* INFORMATION SUPPLIED:

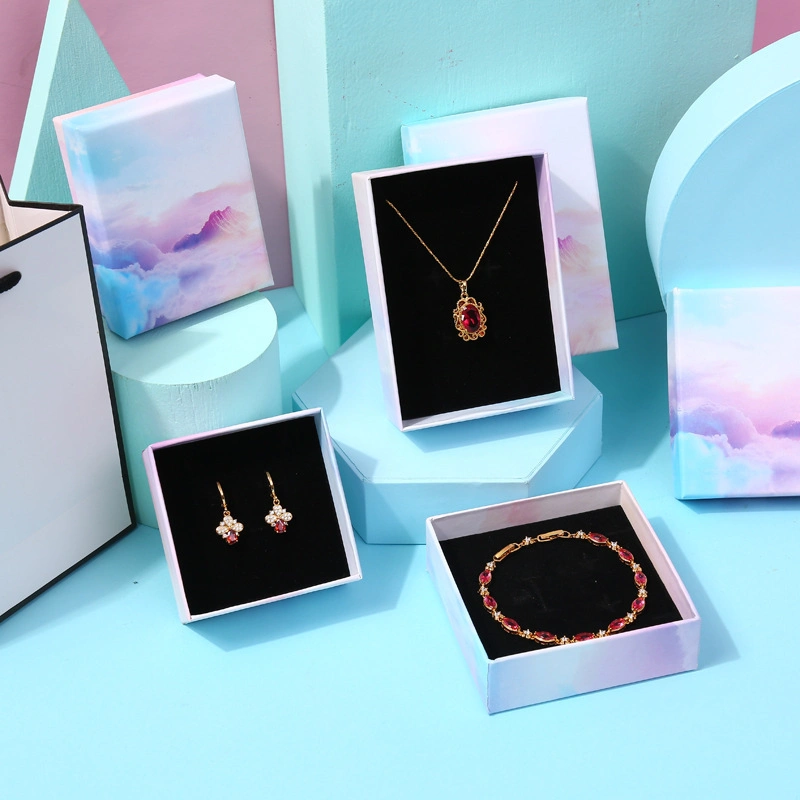 Exquisite Necklace and Earring Set Jewelry Box Gradient Color Bracelet Box Color Cloud Sky Ring Small Gift Packaging Box Custom Logo Printing Available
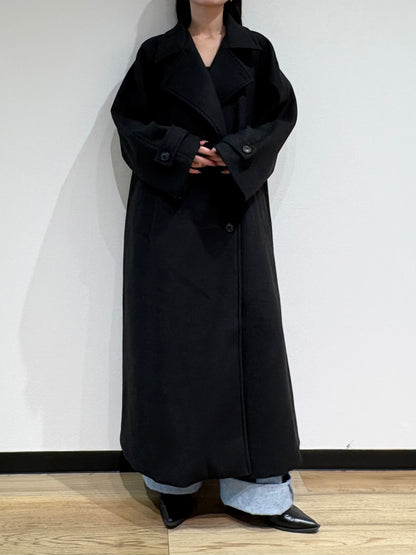 Stand collar wool long coat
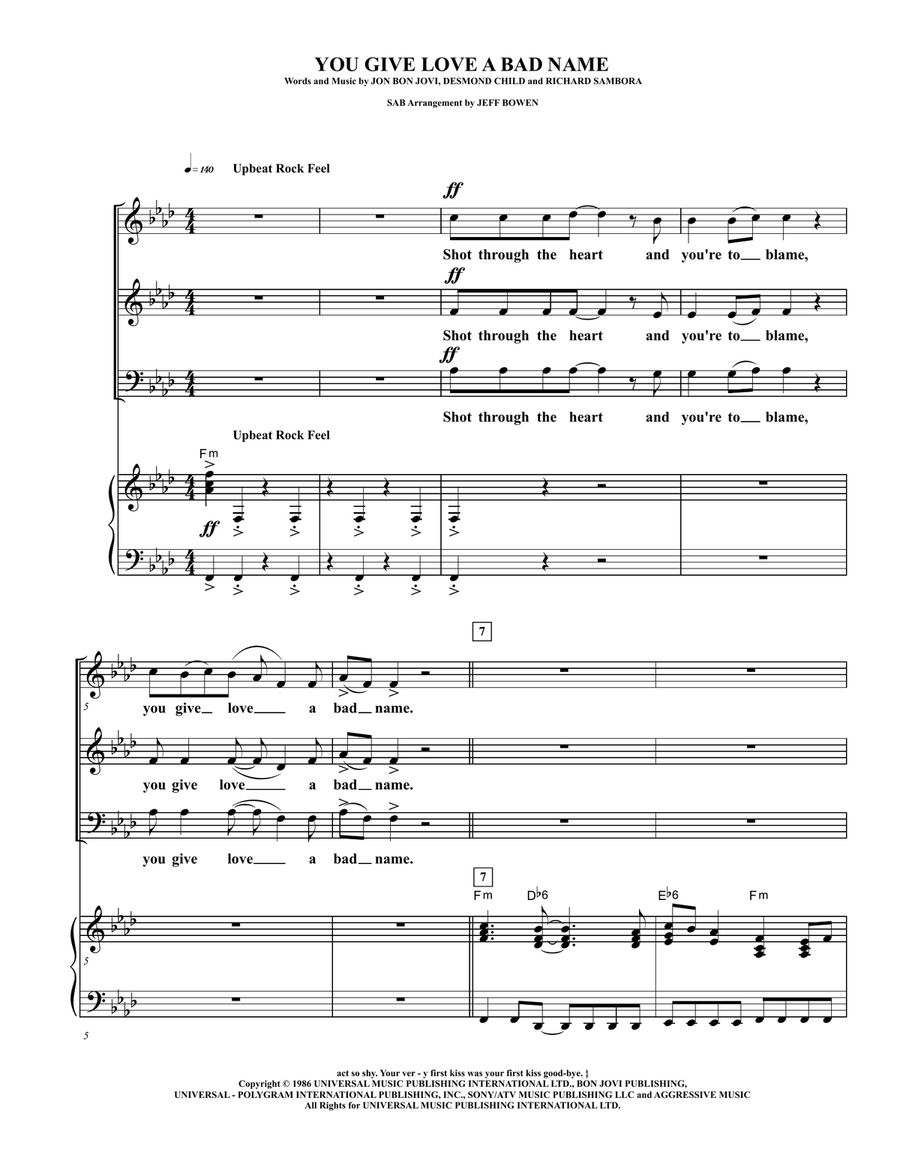 You Give Love A Bad Name You Give Love A Bad Name 3-Part scores gallery preview page 1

* PROBLEM TO WORK ON: Print out all the material above exactly as it appears, omitting the images.

* YOUR SOLUTION:
 Exquisite Necklace and Earring Set Jewelry Box Gradient Color Bracelet Box Color Cloud Sky Ring Small Gift Packaging Box Custom Logo Printing Available
 Stand collar wool long coat
 You Give Love A Bad Name You Give Love A Bad Name 3-Part scores gallery preview page 1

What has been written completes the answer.